You can hook two pumps into one line via a tee, some household water pressure boosting systems use this type of arrangement. It will increase the output flow (GPM) but wont affect the pressure and effectively doubles the cost of your pump

I did a few calculations using your 30 nozzles and average 90psi pressure in an accumulator system, I assumed the nozzles were the MNW white superfine and used a 10gal accumulator.

With a 3 second on/ 3 minute off timing cycle the 30 nozzles deliver about 76ml per cycle. The pressure in the tank drops from 100psi to 80psi taking around 56 minutes. The drawdown volume on the tank is about 1.4L
The pressure switch turns on the pump to recharge the tank at 80psi taking a little over 3 minutes (assuming a 0.4LPM flowrate) to get it back up to 100psi. The 30 nozzles deliver about 1.5LPH to the root chamber,which equates to about 36L/day or 9.44 us gal.

Just for comparison, with a 30 sec on/3 min off timing cycle you get 760ml per cycle. The 100-80psi drawdown time is now about 6.5 minutes with the same recharge time as before at just over 3 mins. The 30 nozzles deliver about 13LPH to the root chamber, which is 313L/day or just over 82 us gal.

Great news!

I just got off the phone with Shurflo Tech Support. The guy told me that the only issue with component wear would be a pressure switch, like in the demand pumps. If you constantly turn these on and off the pressure switch will die on you.

A bypass pump should have no trouble power-cycling 500x per day. The motor can handle it, and there's no pressure switch to wear out.

YAY!

Hi there
been reading the thread - good stuff.
Actually spoke with Steve from Cloudtops a few months ago, I was thinking of this same set up. Glad to see I'm not the only one crazy like that.
Here is the thing I have been wondering:
Is it worth it?
For now I am running a hybrid Aero/NFT set up, (AKA "Stinkbud" System), and the results are rather spectacular. Setting up a true high pressure set up as discussed will require significant more money and effort.
Those speaking from experience, would you say the yield is proportionally better, equal to the amount of effort put in? Or is there a different less obvious benefit?
I certainly don't lack the desire or dedication, but I can't help but wonder- are we fixing a problem that isn't, making a simple thing more complicated?
What's your take?

I can't speak about results from experience, but coming from DWC, I will be building this from scratch, is it really that much more expensive than a low pressure aero / nft?
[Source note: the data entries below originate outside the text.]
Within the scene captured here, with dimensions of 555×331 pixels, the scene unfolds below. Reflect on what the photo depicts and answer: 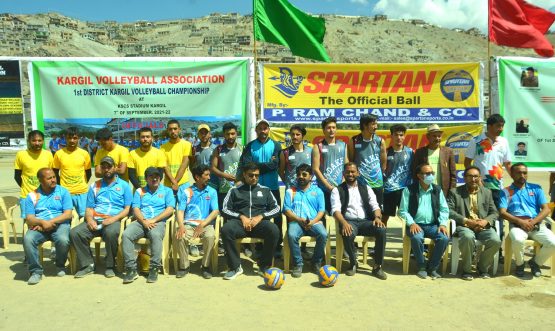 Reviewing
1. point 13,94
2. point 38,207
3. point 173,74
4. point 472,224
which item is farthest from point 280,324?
point 13,94

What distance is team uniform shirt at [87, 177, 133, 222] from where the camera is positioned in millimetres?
5324

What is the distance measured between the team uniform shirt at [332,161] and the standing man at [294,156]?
0.18 meters

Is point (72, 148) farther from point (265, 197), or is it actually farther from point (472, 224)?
point (472, 224)

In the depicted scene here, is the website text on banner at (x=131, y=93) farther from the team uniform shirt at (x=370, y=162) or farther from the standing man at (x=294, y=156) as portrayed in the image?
the team uniform shirt at (x=370, y=162)

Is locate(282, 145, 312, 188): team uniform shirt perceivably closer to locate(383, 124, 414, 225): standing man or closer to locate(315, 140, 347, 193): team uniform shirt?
locate(315, 140, 347, 193): team uniform shirt

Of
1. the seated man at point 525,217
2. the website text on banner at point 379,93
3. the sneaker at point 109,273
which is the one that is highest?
the website text on banner at point 379,93

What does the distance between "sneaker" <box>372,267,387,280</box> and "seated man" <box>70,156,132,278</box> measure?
3160 millimetres

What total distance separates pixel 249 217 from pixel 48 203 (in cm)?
251

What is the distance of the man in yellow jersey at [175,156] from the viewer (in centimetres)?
587

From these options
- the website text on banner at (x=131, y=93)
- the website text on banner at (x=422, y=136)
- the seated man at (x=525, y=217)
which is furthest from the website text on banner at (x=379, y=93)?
the seated man at (x=525, y=217)

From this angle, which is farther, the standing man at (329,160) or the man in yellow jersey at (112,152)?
the man in yellow jersey at (112,152)

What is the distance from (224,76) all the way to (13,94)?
332 centimetres

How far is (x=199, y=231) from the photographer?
17.2 ft

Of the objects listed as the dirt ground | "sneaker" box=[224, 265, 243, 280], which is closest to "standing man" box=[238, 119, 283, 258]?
"sneaker" box=[224, 265, 243, 280] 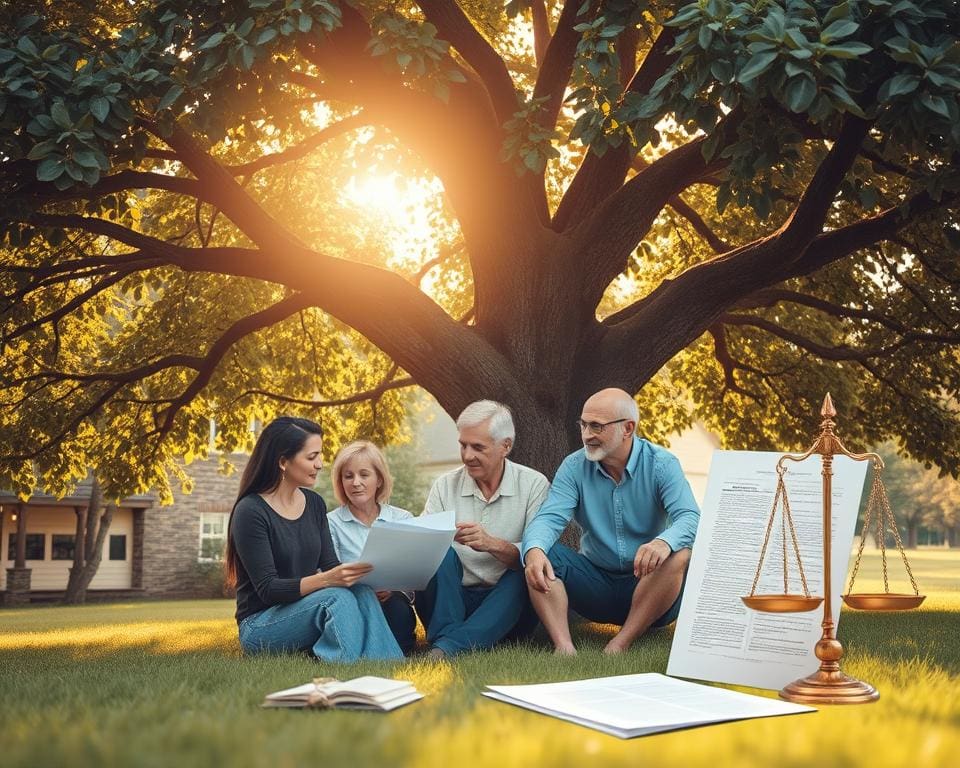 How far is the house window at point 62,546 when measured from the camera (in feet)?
101

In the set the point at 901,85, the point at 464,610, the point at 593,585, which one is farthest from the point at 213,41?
the point at 593,585

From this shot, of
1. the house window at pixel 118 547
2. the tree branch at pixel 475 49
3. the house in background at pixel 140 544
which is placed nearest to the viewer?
the tree branch at pixel 475 49

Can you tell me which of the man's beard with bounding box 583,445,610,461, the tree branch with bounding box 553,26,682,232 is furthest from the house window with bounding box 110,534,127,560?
the man's beard with bounding box 583,445,610,461

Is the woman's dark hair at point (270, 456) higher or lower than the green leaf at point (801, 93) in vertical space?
lower

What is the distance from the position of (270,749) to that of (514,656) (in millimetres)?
2801

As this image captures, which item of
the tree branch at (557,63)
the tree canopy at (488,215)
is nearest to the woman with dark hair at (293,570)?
the tree canopy at (488,215)

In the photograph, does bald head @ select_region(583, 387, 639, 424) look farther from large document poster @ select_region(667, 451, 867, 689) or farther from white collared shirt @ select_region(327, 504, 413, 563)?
white collared shirt @ select_region(327, 504, 413, 563)

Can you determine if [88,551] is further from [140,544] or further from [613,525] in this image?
[613,525]

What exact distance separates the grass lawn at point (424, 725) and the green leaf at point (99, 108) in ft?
10.5

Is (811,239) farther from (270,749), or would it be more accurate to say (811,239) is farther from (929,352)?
(270,749)

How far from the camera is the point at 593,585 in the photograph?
6.34m

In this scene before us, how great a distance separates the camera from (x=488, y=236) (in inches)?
368

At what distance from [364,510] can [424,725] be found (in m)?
3.49

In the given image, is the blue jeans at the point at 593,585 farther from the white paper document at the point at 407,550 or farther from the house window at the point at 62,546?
the house window at the point at 62,546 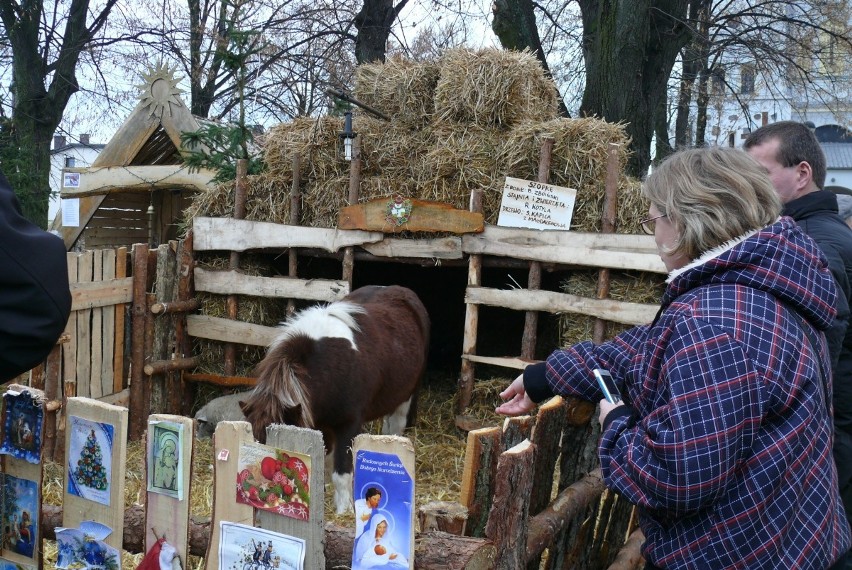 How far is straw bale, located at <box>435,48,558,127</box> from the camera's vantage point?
7.09m

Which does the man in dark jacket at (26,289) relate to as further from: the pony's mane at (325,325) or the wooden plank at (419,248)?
the wooden plank at (419,248)

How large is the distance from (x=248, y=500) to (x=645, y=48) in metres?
8.99

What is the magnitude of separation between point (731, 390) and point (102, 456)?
204 cm

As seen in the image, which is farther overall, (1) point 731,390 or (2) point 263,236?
(2) point 263,236

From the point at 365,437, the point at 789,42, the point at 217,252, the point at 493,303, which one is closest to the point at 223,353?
the point at 217,252

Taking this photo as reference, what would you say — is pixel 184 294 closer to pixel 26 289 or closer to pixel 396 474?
pixel 396 474

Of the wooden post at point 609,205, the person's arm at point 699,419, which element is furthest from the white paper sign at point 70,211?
the person's arm at point 699,419

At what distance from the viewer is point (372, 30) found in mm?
13609

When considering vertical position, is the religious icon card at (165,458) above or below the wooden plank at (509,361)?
above

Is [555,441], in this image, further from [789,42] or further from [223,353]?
[789,42]

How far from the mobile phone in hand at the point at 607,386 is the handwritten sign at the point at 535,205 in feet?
13.0

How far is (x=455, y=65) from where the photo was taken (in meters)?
7.30

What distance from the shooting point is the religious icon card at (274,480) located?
93.9 inches

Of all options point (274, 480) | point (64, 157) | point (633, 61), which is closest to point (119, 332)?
point (274, 480)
1. lights, circ fans, exhaust fans would be the same
2. pumps will cost around $300 bucks, that is two pumps, both running together, so you never have a hit on your system if one of your pumps dies. So what would the equivalent cost be in low-pressure aero? $150? $200?
3. reservoirs, air pumps and stones, all the same cost as LP-aero
4. filter for the water, same as LP-aero
5. nozzles - what, $50 instead of $20?
6. cooling, whether that's air conditioning, or res chiller, would be the same cost as LP-aero, because this is based on your room and setup and won't vary between LP-aero and HP-aero
7. and the container itself for the plants, would be cheaper than using 6" or 8" pvc, but let's just say you build a custom box/table in either case, so the costs are the same.
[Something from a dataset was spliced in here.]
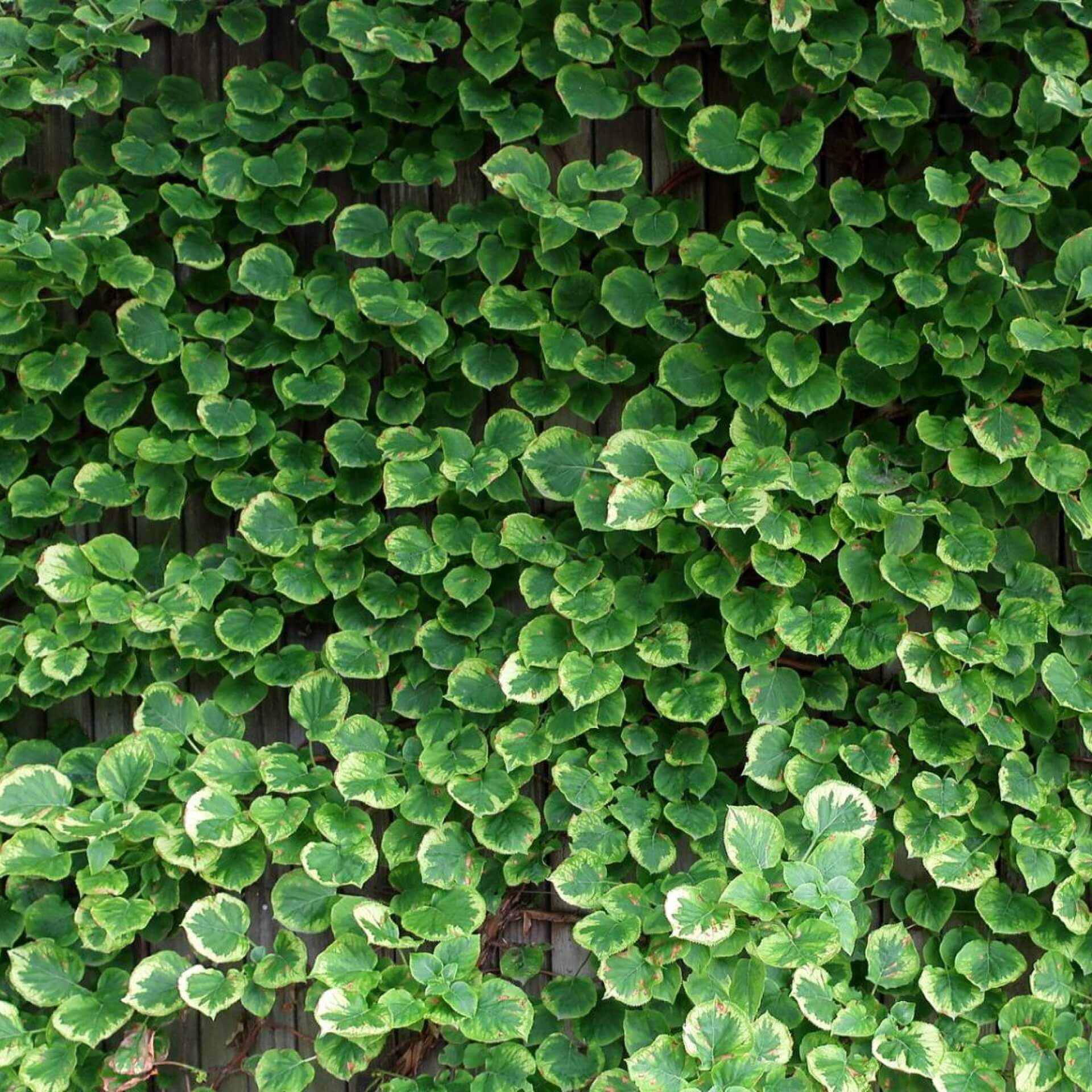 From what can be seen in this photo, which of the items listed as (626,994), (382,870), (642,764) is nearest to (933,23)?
(642,764)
Then isn't the only increase, in the cost of the pumps? and a couple of bucks for the nozzles?

If you're going from LP-aero to HP-aero, you're right the increase might not be worth it, but if you're building from scratch, I don't see how it's that much more expensive. I could be missing something.
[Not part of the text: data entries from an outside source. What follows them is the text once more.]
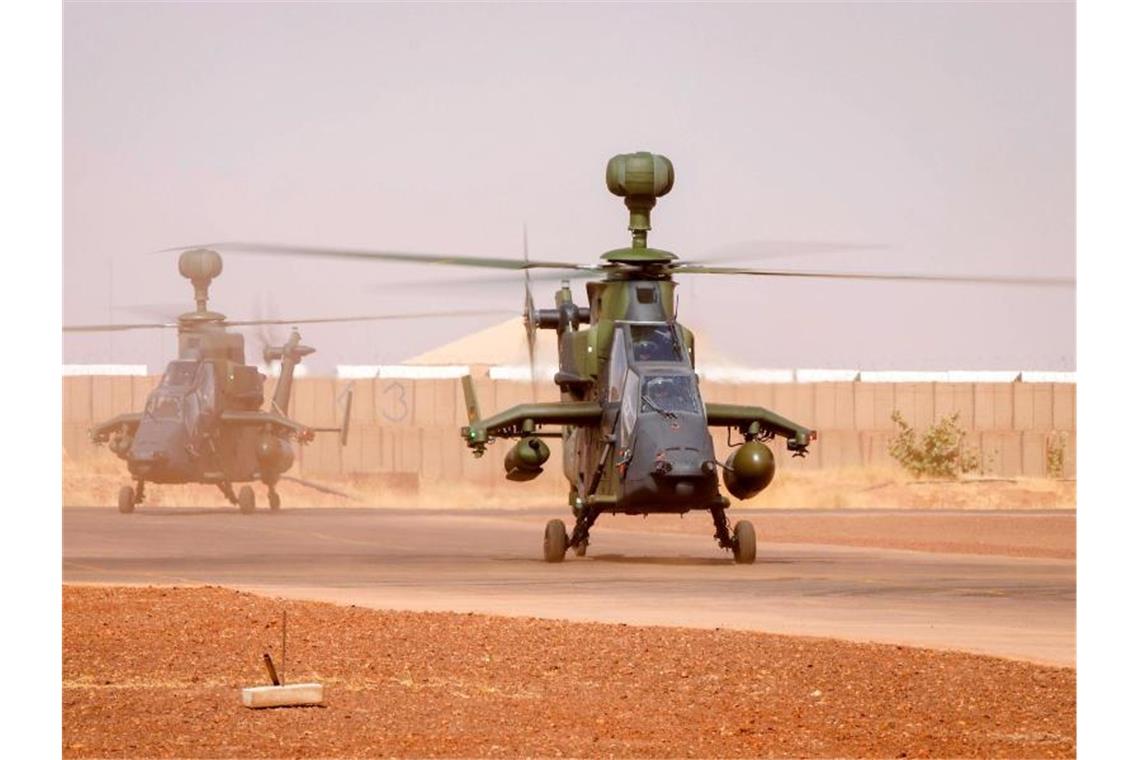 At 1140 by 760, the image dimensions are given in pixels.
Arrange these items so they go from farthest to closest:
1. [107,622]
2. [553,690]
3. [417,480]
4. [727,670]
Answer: [417,480]
[107,622]
[727,670]
[553,690]

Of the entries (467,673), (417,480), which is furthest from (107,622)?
(417,480)

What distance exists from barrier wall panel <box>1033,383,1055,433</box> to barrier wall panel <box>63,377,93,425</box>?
3146 centimetres

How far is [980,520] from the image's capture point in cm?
5309

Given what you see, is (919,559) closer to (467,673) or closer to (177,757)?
(467,673)

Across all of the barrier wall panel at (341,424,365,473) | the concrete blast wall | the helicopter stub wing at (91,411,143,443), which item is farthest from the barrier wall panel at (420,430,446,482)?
the helicopter stub wing at (91,411,143,443)

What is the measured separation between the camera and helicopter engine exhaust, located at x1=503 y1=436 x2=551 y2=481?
1227 inches

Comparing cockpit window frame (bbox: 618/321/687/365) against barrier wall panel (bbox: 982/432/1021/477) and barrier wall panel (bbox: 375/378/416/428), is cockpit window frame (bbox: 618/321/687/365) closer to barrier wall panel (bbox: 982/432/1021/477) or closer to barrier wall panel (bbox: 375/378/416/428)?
barrier wall panel (bbox: 375/378/416/428)

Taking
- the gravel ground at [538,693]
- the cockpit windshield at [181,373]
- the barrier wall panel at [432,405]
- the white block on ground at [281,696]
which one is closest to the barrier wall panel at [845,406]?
the barrier wall panel at [432,405]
Sounds like you`ve got it sorted
Most demand pumps use really cheap and nasty switches that pack up in short order, the pressure settings drift a bit too.
I use a good quality 3-12 bar external switch, more reliable and has a wider adjustment range.
Don`t forget to include a pressure gauge after the pump to keep track of the system pressure, one that reads upto 11bar (160psi) would be ideal.
In my case system cost was $70 pump, $80 accumulators and $50 pressure switch ($200) excluding plumbing,nozzles timer,filters and pressure gauge...its all the little things that add up

I did forget about the gauge. Does anyone know if they make pressure gauges that can hook up to computer via usb? I google'd for it, couldn't find them, and i'm usually pretty good at finding stuff on google!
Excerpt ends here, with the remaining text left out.